You are viewing a plain text version of this content. The canonical link for it is here.
Posted to commits@kudu.apache.org by ab...@apache.org on 2019/01/09 18:11:11 UTC

[kudu] 02/04: Reduce severity of "Error trying to read ahead of the log" log message

This is an automated email from the ASF dual-hosted git repository.

abukor pushed a commit to branch master
in repository https://gitbox.apache.org/repos/asf/kudu.git

commit 6103f8786358df1766ba41c8d8dc2feb9c8c6f53
Author: Will Berkeley <wd...@gmail.org>
AuthorDate: Tue Jan 8 15:37:57 2019 -0800

    Reduce severity of "Error trying to read ahead of the log" log message
    
    In clusters under load, it is typical to see the ERROR log dominated by
    messages like the following:
    
    E1221 09:09:13.869918 143384 consensus_queue.cc:440] T 1d030514317942ec9d7796a8a029dace P a4eea0affa4545879c8988b24d8cb2bb [LEADER]: Error trying to read ahead of the log while preparing peer request: Incomplete: Op with index 6620 is ahead of the local log (next sequential op: 6620). Destination peer: Peer: c0a2e34b708845efb8f090459815272c, Is new: false, Last received: 2995.6619, Next index: 6621, Last known committed idx: 6620, Last exchange result: ERROR, Needs tablet copy: false
    
    This message is logged at the error level, and looks a little bit scary,
    but it is in fact harmless. Here's what happens:
    
    1. A leader neglects its duties and the followers elect a new leader.
    2. The new leader manages to replicate more ops (usually just the NO_OP
       asserting leadership).
    3. The leader of the previous term tries to replicate an op to a peer in
       the new term.
    4. From the response, it founds out that
       a. It is in an earlier term, so it should step down and increment its
          term.
       b. The last op the peer saw is (leader's index + k) for some k > 0
          (usually k = 1). So the leader will attempt to send up ops of
          index up through (leader's index + k).
    5. The term change is asynchronous, and before it happens the leader
       tries to prepare a new request to the peer whose log is ahead of the
       local log. This causes the ERROR message.
    6. The term change happens. The leader steps down, and life goes on.
    
    Note that the leader should also have received a VoteRequest with the
    new term and an UpdateConsensus with the new term from the leader. In
    general, this message appears only when the leader is under enough
    stress to lose its leadership and be unable to service some consensus
    RPCs in a timely manner. It is not in an of itself a problem, and it's a
    decent indicator of stress on the leader, so I am leaving the message
    but downgrading it to INFO level.
    
    See KUDU-1078 for more information about this situation, especially its
    previous causes (which were at one time actually harmful).
    
    Change-Id: Ib841a52354e5c71450f3e364ab2fdee51ce2adb4
    Reviewed-on: http://gerrit.cloudera.org:8080/12185
    Reviewed-by: Adar Dembo <ad...@cloudera.com>
    Reviewed-by: Mike Percy <mp...@apache.org>
    Tested-by: Will Berkeley <wd...@gmail.com>
---
 src/kudu/consensus/consensus_queue.cc | 11 ++++++-----
 1 file changed, 6 insertions(+), 5 deletions(-)

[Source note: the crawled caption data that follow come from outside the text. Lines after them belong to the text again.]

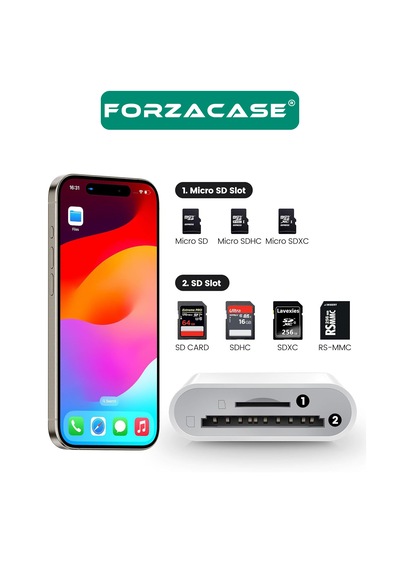 Forzacase Type-c To Sd / Micro Sd / Tf Kart Okuyucu Adaptör Fc674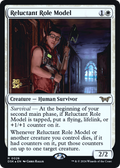 Reluctant Role Model (0026) (PRE-026) - Duskmourn: House of Horror Promos Foil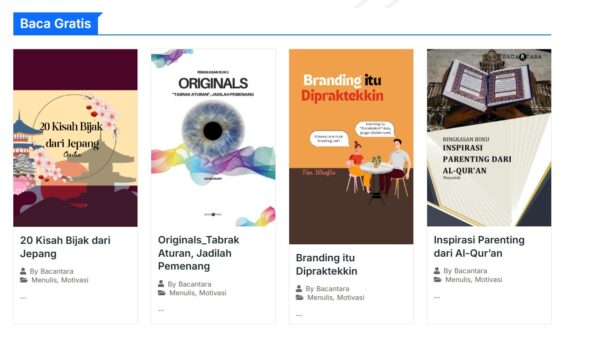 Bacantara : Aplikasi Membaca Ringkasan Buku - Image 2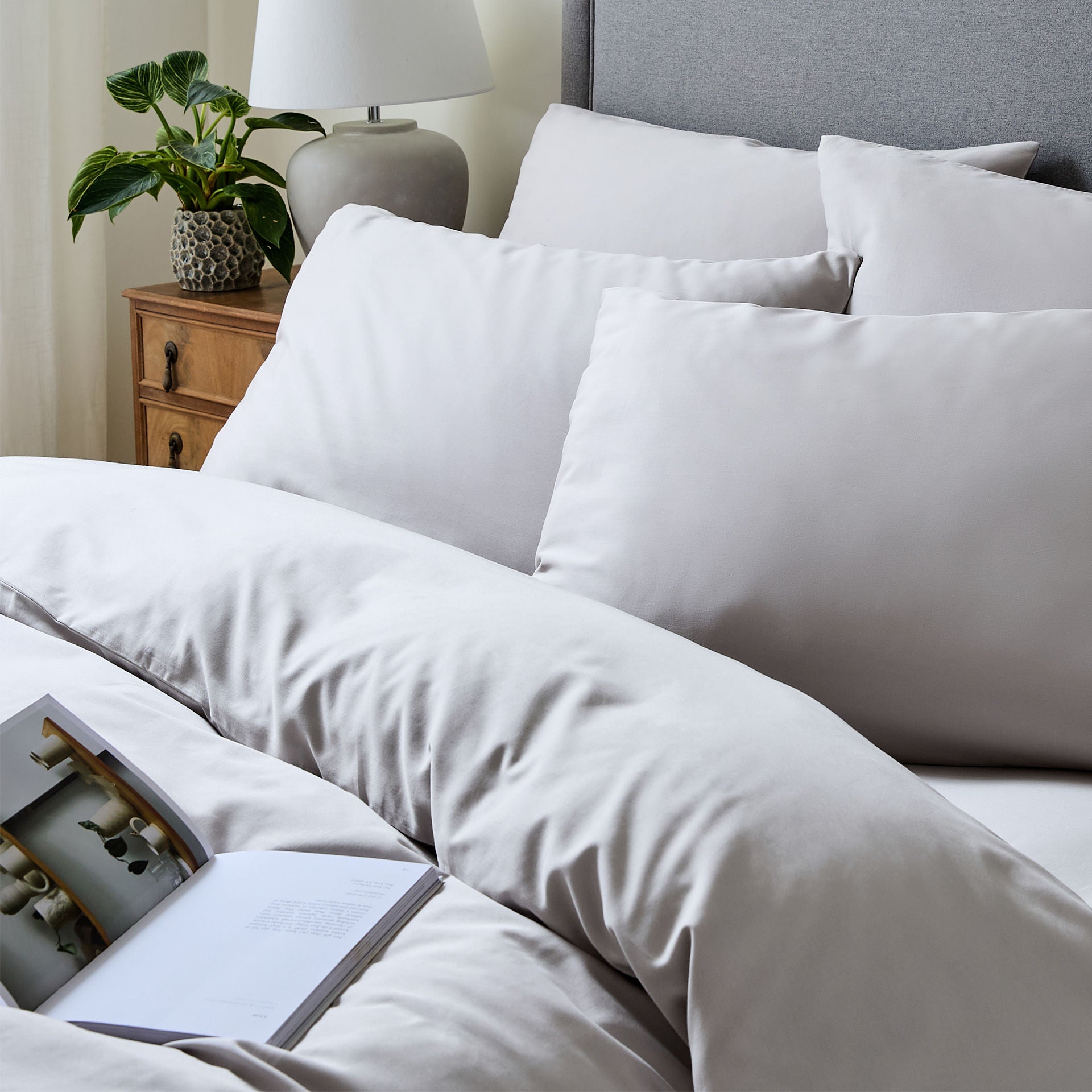 Luxury Organic Cotton Dove Grey Original Duvet Cover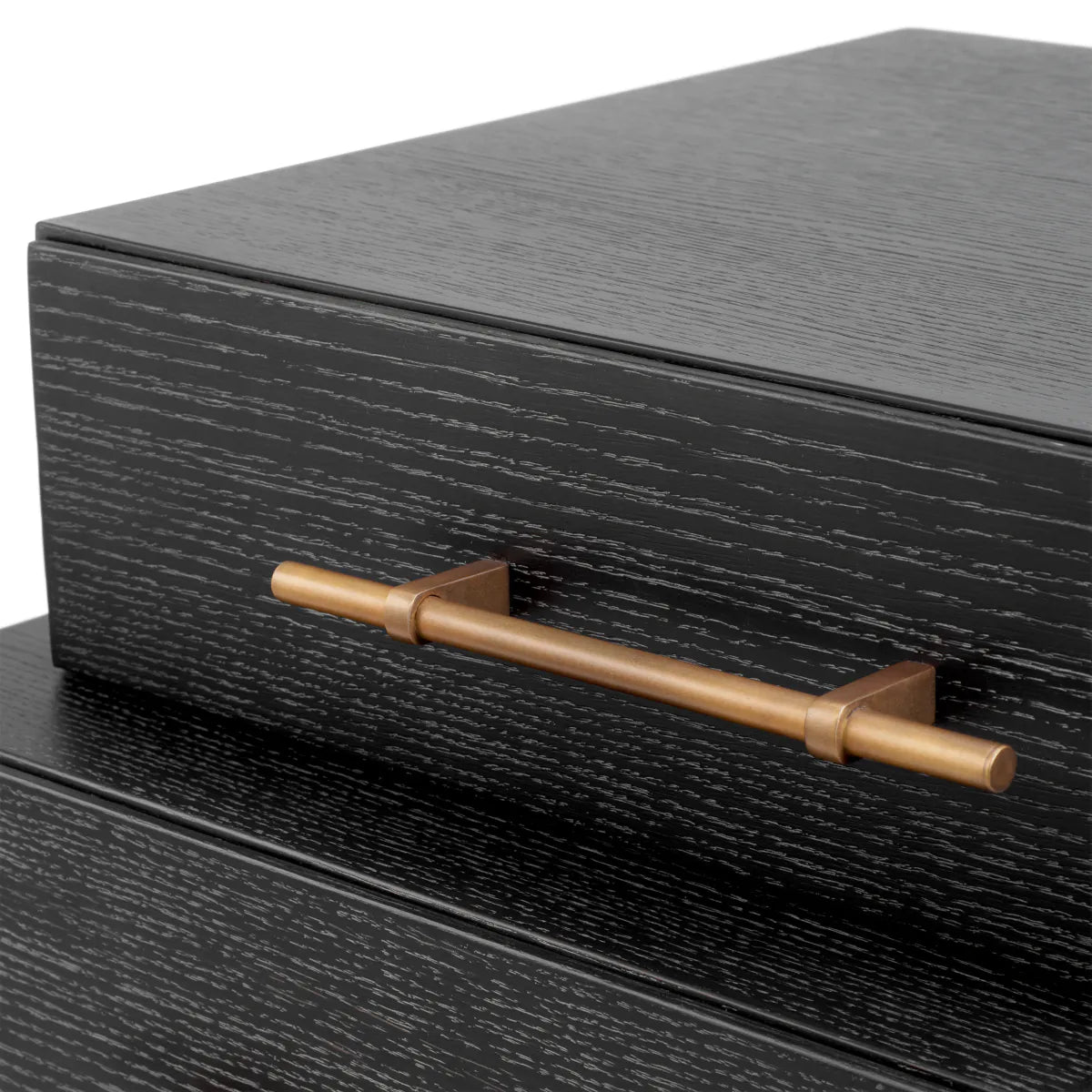 Nachttisch EVENDALE schwarzer Eichenfurnier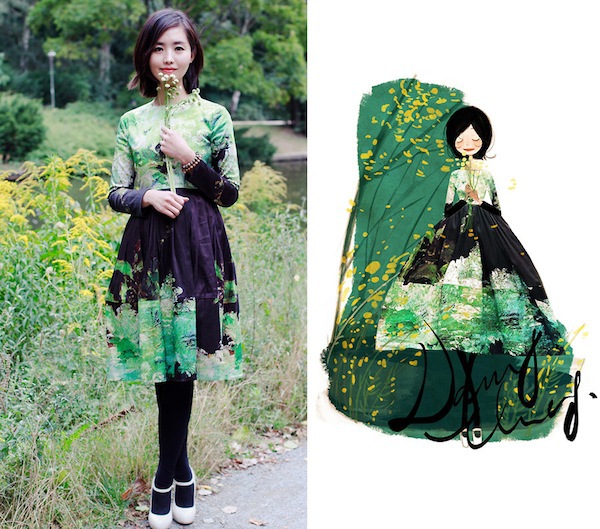 Nancy Zhang - NTK thích tự vẽ phong cách thời trang của chính mình 10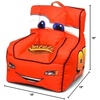 image:imageIdea Nuova Bluey Kids Micromink Bean Bag Sofa ChairSoft Padded Toddler Seat with Piping amp Carry HandleCozy Lounge Chair for Ages 3Cars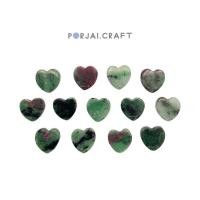 ราคา Ruby In Zoisite Heart Beads ลูกปัดหัวใจรูบี้ซอยไซต์ (21344469869)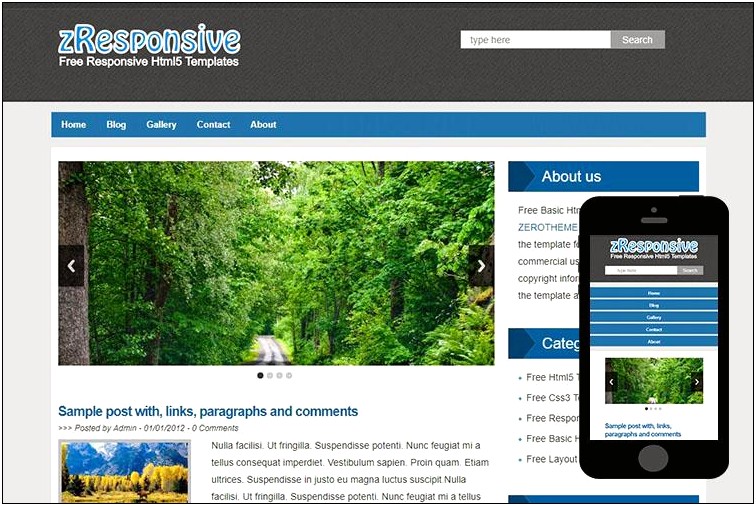 Best Html Responsive Templates Free Download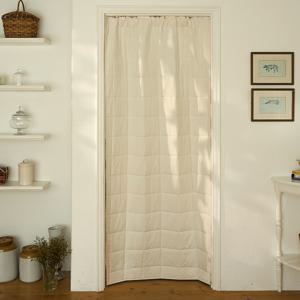 프리미엄 순면 바람막이 누빔 3중 방한커튼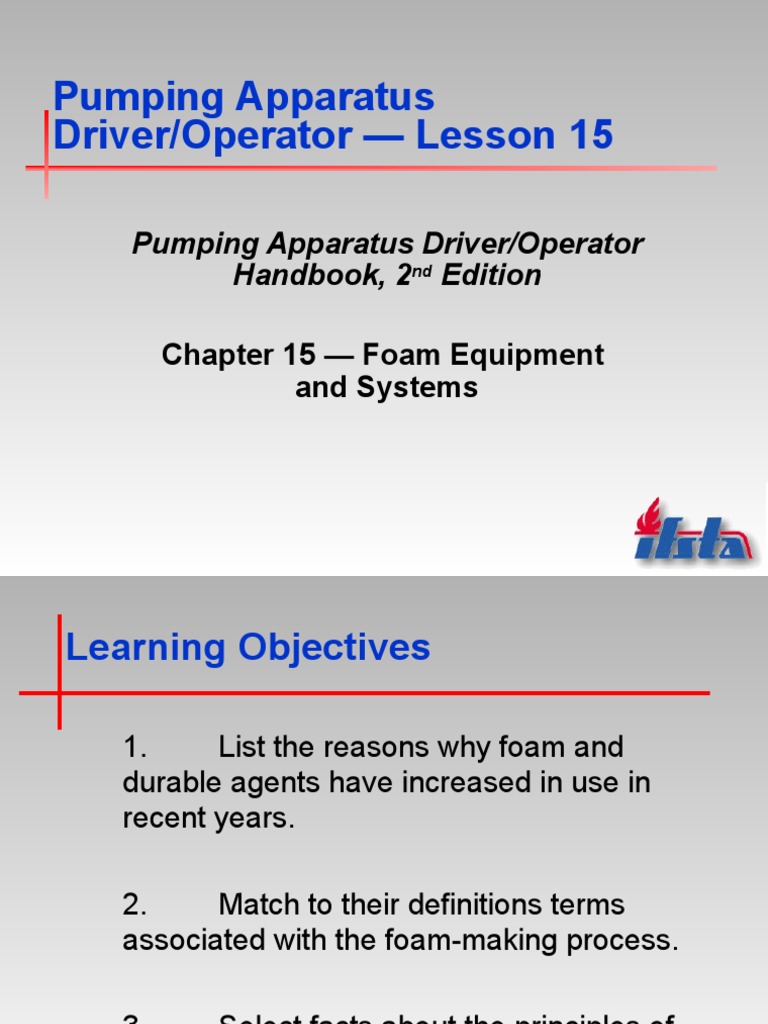 Pumping Apparatus Driver/Operator Handbook, 2 Edition PDF Pump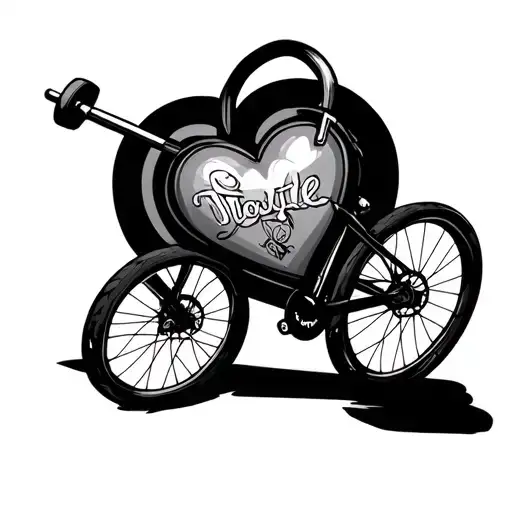 Heart Barbell Bike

diff --git a/src/kudu/consensus/consensus_queue.cc b/src/kudu/consensus/consensus_queue.cc
index 2c64e1c..c618002 100644
--- a/src/kudu/consensus/consensus_queue.cc
+++ b/src/kudu/consensus/consensus_queue.cc
@@ -696,11 +696,12 @@ Status PeerMessageQueue::RequestForPeer(const string& uuid,
       }
       if (s.IsIncomplete()) {
         // IsIncomplete() means that we tried to read beyond the head of the log
-        // (in the future). See KUDU-1078.
-        LOG_WITH_PREFIX_UNLOCKED(ERROR) << "Error trying to read ahead of the log "
-                                        << "while preparing peer request: "
-                                        << s.ToString() << ". Destination peer: "
-                                        << peer_copy.ToString();
+        // (in the future). This is usually a sign that this peer is under load
+        // and is about to step down as leader. See KUDU-1078.
+        LOG_WITH_PREFIX_UNLOCKED(INFO) << "Error trying to read ahead of the log "
+                                       << "while preparing peer request: "
+                                       << s.ToString() << ". Destination peer: "
+                                       << peer_copy.ToString();
         return s;
       }
       LOG_WITH_PREFIX_UNLOCKED(FATAL) << "Error reading the log while preparing peer request: "